There are about 40 shopping centres sized 20,000m² or more that have been announced or are in production in SA, according to the Southern African Shopping Centre Directory of 2015.
This number will be updated when the next directory is released in 2017.
It normally takes developers a few years to plan, construct, and open a shopping centre, according to Finlay & Associates MD, Marianka Victor.
She said that developers tried to pre-empt how customers would perform years in advance. Malls are built to last a long time and through economic cycles, according to Victor.
She also said that developers looking a few years down the line were shifting their focus to small and convenience shopping centres, especially in rural or semi-rural areas, as demand increases in these historically undersupplied areas.
Victor said many of the malls she and her team have been managing are between 4,000m² and 8,000m² in size.
The company’s largest project was a new 20,000m² centre in Botshabelo in the Free State. “The Botshabelo mall is the largest mall in that rural area. It’s already 85% let,” she said. A major reason for developing the mall was that Botshabelo was an under-supplied town.
Flanagan said it made sense that developers had found opportunities in rural areas. These developers needed to be careful not to develop at the expense of existing urban centres, however, he said.
“A number of rural communities do not have the facilities, infrastructure, and development, including shopping, that allows them to be economical with their time, transport and other costs. These communities generally travel to more powerful nodes to fulfil their requirements.

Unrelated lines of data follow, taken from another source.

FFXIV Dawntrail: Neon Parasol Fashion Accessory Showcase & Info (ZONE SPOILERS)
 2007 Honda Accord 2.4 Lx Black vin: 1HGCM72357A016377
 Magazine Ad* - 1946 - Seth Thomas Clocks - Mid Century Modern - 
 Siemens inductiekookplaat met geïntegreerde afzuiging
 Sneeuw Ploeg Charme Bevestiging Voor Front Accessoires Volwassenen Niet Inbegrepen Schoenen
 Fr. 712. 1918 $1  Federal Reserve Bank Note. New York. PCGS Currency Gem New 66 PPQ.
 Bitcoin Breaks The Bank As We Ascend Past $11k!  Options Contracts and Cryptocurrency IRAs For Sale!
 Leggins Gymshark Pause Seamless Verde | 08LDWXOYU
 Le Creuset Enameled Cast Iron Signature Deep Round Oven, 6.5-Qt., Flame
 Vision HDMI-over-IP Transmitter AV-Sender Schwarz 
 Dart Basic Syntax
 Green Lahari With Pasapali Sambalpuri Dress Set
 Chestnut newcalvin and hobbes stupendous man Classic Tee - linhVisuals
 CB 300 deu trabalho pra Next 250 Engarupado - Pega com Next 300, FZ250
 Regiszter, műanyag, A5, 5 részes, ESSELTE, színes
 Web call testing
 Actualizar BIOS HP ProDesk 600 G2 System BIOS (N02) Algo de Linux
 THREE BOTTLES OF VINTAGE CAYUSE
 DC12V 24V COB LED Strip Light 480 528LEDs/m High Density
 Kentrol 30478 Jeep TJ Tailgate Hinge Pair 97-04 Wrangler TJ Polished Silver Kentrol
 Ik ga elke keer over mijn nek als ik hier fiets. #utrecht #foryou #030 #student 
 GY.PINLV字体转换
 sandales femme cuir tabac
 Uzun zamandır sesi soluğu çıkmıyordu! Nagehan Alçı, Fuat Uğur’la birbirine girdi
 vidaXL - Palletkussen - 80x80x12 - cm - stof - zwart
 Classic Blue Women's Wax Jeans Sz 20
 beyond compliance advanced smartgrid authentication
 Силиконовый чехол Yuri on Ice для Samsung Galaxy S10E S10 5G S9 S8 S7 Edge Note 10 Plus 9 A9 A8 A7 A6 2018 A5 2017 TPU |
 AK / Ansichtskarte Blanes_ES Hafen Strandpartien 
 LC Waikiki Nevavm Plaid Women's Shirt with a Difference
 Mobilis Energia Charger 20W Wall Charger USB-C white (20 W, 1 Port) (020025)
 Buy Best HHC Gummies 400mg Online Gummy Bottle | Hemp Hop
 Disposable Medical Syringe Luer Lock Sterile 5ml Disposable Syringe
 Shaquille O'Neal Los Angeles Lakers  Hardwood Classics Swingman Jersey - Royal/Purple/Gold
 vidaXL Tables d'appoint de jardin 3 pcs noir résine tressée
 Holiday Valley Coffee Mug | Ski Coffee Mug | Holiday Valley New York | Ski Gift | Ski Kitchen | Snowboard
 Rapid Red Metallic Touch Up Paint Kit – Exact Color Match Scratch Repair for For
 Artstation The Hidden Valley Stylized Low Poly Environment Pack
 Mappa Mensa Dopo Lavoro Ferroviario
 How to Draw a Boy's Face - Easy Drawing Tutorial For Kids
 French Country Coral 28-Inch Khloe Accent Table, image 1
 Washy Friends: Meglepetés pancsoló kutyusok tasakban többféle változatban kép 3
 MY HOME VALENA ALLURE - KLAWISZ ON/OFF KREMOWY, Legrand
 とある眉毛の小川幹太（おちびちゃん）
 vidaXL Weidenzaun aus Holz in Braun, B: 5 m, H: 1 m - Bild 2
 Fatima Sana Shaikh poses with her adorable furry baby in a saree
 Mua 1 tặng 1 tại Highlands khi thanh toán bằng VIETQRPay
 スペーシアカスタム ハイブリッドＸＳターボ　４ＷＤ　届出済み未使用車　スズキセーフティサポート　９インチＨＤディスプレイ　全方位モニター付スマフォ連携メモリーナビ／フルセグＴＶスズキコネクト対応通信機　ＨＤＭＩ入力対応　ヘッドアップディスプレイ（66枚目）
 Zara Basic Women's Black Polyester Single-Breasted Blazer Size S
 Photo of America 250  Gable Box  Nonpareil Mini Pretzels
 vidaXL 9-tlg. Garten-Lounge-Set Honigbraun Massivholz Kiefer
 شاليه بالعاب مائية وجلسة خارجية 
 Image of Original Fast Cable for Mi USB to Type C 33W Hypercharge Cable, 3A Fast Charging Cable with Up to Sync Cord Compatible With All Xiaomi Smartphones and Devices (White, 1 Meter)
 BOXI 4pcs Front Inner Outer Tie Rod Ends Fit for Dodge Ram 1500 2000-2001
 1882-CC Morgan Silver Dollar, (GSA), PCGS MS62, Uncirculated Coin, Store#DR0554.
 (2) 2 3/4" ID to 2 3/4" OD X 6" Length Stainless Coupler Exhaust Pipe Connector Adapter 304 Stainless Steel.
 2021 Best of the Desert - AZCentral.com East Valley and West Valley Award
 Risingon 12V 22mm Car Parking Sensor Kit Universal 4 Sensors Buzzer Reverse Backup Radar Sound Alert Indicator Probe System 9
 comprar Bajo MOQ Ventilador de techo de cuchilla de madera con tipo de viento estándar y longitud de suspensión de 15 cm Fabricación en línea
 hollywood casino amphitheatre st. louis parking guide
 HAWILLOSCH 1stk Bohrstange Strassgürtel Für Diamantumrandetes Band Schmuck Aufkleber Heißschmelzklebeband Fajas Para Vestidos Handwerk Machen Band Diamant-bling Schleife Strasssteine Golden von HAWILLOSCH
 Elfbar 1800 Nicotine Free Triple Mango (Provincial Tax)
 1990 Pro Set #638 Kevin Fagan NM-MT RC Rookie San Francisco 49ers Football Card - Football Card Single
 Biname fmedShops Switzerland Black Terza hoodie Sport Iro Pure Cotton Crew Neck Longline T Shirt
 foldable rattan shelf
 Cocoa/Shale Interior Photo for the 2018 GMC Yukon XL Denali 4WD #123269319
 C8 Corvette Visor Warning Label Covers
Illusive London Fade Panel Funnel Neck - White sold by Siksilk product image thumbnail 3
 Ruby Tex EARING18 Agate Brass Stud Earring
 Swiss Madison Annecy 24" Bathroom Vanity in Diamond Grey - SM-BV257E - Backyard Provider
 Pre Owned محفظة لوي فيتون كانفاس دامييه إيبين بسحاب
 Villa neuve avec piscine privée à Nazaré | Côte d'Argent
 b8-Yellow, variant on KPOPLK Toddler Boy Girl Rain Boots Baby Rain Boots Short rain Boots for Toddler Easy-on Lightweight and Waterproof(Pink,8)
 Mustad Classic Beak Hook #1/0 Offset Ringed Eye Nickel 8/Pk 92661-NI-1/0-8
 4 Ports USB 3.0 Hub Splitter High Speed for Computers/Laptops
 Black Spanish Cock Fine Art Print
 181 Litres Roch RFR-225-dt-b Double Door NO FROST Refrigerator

“The result is likely to be that more centres will be developed to cater for these large rural communities and this will put further pressure on the more established urban areas, as the rural folk will no longer need to visit these remote, to them, locations and centres. All the more reason that care should be exercised by all involved in developing and investing in shopping centres in urban environments,” Flanagan said.